With our first baby, the whole, new, blessed World of Baby had opened up.  In addition to learning about pregnancy, we read all about new baby care and baby gear.  What things would we need?  We eagerly questioned seasoned parents, made lists, and went on shopping trips.  Cribs, highchairs, strollers, car seats, Boppy pillows, pumps, bibs, baby clothes--we needed it all, and obtaining the gear was definitely a focus in preparing for baby.

While expecting babies #2 and #3, the focus of preparation was quite different.  We had our stash of baby basics, and the name of the game was replacing what was worn-out, and finding a few, fun, new things.  With #2, we acquired a second crib, which also came in handy when #3 was coming along.  In each of these cases, we also needed to do some switching around of bedrooms, sending the newly-usurped, baby-now-toddler into a downstairs bedroom to open up the upstairs nursery for the newborn.  This, of course, was a fairly big deal...or at least it seemed like it back then.  As mama, I felt a little sadness over the toddler's deportation.  This was quickly abated by the satisfaction given to my nesting instinct, however! 

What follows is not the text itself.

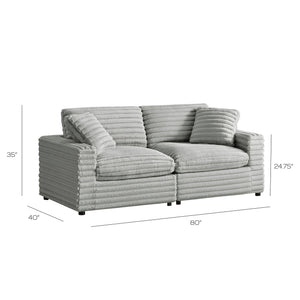 English Elm Jenny Plush 2-Piece Gray Sofa Sectional with Down-Blend Cushions, Hardwood Frame & Throw Pillows B050S00019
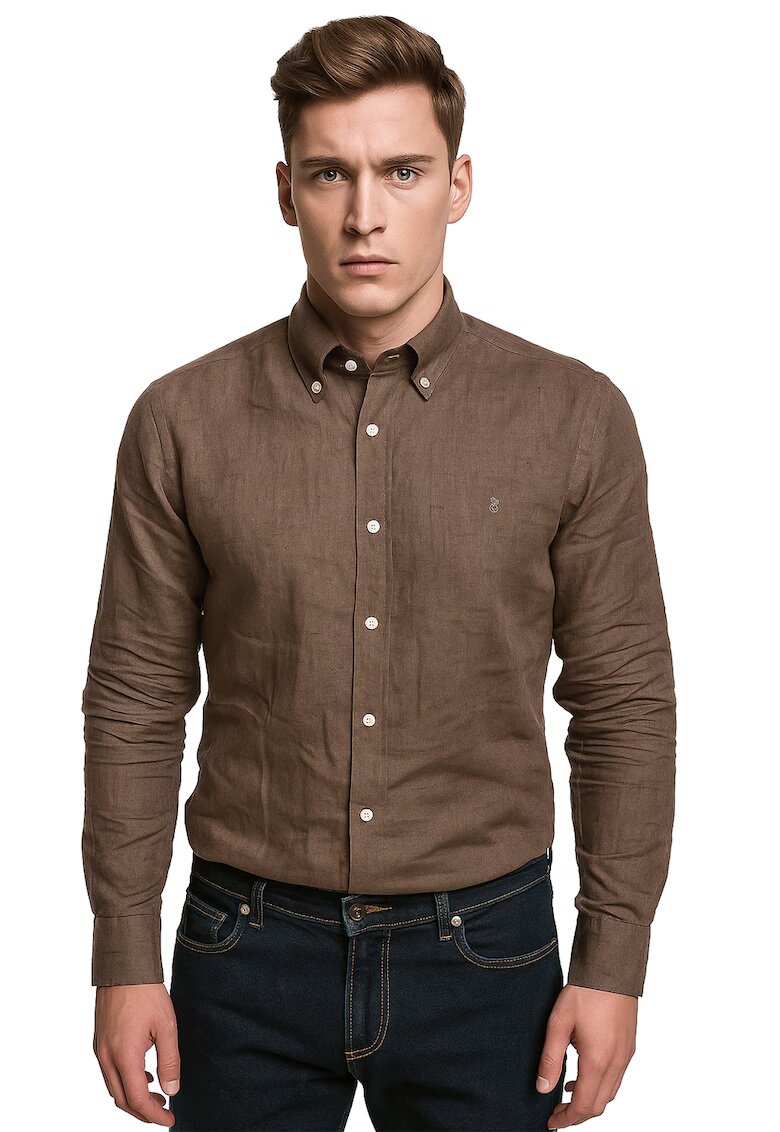 Vegea Camasa slim fit de in - Maro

Those of you who have known us for awhile, probably know we thought we were "done" at that point.  (HA!  That is such a funny thought now!)  Three sons filled the three extra bedrooms in our home.  As baby #3 grew into a pre-schooler, I tearily cleaned out the nursery.  We sold the cribs; in fact, we gave away or sold nearly everything "baby."  We sent our preschooler downstairs to share bunk beds in a room with a brother, and enjoyed the novelty of a bedroom-turned-school room for some time.  Soon we packed all three of the boys into the same bedroom so that, wonder of wonders, we could have TWO extra rooms.  Right around that time, we received the gift of an unexpected blessing--son #4 growing inside, biding his time until joining in on the fun that is Boyland! 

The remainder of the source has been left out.